Figure 7 The protective effect of SFJBF(L), SFJBF(M), SFJBF(L), OSV, or the combination OSV and SFJBF(M) on PR8-infected mice. (A) The scheme of exploring the protective mechanisms of SFJBF against influenza in vivo. (B) Weight changes of mice in different groups at 6 dpi (n=6). (C) Lung indexes of mice in different groups at 6 dpi (n=6). (D) Total protein content in lungs in different groups at 6 dpi (n=6). (E and F) Histopathological score of lung tissues and the statistic histopathological changes of lung tissues at 6 dpi (n=3). scale bar = 250 µm. Data were shown as mean ± SD and analyzed by one-way ANOVA Bonferroni or Dunnett’s multiple comparisons tests according to homogeneity of variance test. *, p < 0.05; **, p < 0.01 or ***, p < 0.001. vs PR8 group. #, p < 0.05 or ##, p < 0.01 vs PR8 + OSV group.

The total protein content in lungs and lung indexes were used to evaluate the severity of inflammatory exudates and the infiltration of inflammatory cells in this infective mouse model. The indexes and total protein content of the lungs in the PR8 group were markedly higher than those in the NC group (p < 0.001) (Figure 7C and D, which were significantly reduced with the treatment of SFJBF(L), SFJBF(M), SFJBF(H) and OSV (p < 0.05, 0.01, or 0.001) (Figure 7C and D). However, the combination of OSV and SFJBF(M) had an advantage over OSV treatment alone in reducing lung indexes and total protein content, suggesting that the combination of OSV and SFJBF provided better protection against lung injury than OSV treatment alone (p < 0.01) (Figure 7C and D).

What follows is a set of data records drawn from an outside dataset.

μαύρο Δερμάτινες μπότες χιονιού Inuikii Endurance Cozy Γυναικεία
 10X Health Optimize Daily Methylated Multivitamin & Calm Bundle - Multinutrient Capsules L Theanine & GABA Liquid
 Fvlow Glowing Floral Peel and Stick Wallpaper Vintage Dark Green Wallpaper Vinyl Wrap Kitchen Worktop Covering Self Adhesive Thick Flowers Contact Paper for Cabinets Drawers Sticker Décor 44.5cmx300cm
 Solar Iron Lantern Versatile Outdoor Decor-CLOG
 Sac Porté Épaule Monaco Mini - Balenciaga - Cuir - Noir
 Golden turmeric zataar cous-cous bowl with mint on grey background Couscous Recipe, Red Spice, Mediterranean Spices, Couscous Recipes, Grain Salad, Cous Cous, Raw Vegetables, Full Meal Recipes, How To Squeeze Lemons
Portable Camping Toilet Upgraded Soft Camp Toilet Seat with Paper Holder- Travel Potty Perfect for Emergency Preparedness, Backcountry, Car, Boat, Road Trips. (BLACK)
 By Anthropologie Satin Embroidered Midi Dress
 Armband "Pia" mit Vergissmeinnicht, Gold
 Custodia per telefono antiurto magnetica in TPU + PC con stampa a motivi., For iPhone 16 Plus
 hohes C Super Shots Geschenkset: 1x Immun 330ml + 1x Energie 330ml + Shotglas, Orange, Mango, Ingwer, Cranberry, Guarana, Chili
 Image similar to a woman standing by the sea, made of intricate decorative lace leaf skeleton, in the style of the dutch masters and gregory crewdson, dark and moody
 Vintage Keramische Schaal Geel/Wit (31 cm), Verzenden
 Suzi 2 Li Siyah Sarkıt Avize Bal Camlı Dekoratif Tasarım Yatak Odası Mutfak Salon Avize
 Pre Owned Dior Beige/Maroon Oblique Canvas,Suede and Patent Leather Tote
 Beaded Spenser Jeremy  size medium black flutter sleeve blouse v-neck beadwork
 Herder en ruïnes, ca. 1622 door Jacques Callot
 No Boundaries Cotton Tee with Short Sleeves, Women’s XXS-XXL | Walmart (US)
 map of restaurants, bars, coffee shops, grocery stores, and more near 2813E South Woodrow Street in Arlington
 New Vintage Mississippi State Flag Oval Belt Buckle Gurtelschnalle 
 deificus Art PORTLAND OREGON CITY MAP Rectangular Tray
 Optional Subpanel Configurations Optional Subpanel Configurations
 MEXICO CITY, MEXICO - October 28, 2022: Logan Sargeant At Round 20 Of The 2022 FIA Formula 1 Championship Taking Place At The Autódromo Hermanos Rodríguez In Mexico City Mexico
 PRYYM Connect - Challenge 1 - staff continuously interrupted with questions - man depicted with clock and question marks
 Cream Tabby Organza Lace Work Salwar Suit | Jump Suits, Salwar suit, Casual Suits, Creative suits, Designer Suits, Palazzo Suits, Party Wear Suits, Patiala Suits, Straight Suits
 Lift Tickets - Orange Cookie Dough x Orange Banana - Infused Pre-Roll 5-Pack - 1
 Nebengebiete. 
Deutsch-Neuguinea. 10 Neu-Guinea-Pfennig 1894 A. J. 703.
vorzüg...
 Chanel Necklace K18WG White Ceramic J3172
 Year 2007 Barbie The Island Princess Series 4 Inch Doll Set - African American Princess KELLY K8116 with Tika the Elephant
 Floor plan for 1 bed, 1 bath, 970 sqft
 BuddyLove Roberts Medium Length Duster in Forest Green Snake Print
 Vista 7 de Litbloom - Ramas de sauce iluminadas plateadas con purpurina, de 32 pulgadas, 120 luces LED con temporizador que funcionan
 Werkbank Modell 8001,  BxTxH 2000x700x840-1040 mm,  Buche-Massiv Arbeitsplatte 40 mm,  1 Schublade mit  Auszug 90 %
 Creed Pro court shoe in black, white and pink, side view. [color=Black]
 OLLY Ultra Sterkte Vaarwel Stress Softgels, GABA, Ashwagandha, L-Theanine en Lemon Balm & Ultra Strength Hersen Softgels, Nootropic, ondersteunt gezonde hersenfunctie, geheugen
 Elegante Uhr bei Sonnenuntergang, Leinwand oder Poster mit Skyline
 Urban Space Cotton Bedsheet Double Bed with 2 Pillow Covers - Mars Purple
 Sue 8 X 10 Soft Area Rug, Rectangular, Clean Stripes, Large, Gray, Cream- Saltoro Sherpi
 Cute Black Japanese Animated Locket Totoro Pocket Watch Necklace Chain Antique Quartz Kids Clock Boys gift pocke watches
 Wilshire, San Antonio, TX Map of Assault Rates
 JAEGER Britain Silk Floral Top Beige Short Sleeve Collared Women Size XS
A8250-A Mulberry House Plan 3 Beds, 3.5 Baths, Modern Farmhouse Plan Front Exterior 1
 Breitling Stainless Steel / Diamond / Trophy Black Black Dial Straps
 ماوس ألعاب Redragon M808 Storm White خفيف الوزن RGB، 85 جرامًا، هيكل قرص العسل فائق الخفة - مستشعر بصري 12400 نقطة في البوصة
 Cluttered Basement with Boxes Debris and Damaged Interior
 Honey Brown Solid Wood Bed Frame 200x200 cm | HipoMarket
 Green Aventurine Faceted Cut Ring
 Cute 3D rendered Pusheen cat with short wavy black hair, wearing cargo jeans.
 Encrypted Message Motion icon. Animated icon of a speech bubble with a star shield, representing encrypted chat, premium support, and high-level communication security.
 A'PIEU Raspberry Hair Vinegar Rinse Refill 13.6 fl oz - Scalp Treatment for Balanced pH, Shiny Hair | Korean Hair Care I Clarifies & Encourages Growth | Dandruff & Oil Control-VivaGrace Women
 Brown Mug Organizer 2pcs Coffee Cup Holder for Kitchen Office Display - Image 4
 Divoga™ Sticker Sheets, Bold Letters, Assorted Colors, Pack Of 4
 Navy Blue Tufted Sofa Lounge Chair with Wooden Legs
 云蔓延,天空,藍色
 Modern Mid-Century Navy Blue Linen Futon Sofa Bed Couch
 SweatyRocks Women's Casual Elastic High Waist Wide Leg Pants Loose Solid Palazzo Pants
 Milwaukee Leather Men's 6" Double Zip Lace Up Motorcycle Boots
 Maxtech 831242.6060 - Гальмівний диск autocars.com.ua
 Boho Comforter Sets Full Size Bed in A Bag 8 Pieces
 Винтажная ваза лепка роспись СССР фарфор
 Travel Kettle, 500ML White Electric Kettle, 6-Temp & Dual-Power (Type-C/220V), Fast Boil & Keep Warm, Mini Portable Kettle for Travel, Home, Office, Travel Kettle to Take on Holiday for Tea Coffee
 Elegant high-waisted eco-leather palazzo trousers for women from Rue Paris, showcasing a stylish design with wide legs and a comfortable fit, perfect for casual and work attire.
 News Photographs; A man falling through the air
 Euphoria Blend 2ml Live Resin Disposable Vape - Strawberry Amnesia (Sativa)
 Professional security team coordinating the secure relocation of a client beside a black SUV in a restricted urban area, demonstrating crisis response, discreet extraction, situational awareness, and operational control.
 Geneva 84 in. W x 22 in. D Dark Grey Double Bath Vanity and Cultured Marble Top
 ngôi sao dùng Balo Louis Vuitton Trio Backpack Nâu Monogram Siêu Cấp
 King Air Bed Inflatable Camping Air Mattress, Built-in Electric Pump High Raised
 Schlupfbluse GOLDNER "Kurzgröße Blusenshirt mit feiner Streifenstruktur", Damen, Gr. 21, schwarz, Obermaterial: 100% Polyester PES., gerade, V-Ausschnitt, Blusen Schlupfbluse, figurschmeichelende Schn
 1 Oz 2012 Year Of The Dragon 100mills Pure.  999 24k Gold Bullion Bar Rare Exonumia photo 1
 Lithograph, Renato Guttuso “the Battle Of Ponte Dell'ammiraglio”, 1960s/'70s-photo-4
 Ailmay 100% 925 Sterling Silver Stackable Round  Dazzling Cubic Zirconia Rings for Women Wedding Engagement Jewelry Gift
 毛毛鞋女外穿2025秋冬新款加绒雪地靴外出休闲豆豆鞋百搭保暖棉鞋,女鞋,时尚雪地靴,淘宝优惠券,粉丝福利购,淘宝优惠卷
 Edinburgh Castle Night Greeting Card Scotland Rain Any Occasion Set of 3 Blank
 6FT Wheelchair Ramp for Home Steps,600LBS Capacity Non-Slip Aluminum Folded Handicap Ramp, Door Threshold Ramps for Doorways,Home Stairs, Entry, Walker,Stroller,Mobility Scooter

To further determine the effects of SFJBF on PR8-infected mice, H&E staining was performed to assess pathological changes in the lungs. After infection with PR8, the lungs showed interstitial edema, alveolar hemorrhage, and thickened alveolar walls (Figure 7E and F). There was a massive infiltration of inflammatory cells into the alveolar walls. However, treatment with SFJBF(M), SFJBF(H) and OSV significantly alleviated the pulmonary histopathological changes (p < 0.01, or 0.001) (Figure 7E and F). These results showed that SFJBF treatment could protect against lung injury caused by influenza virus.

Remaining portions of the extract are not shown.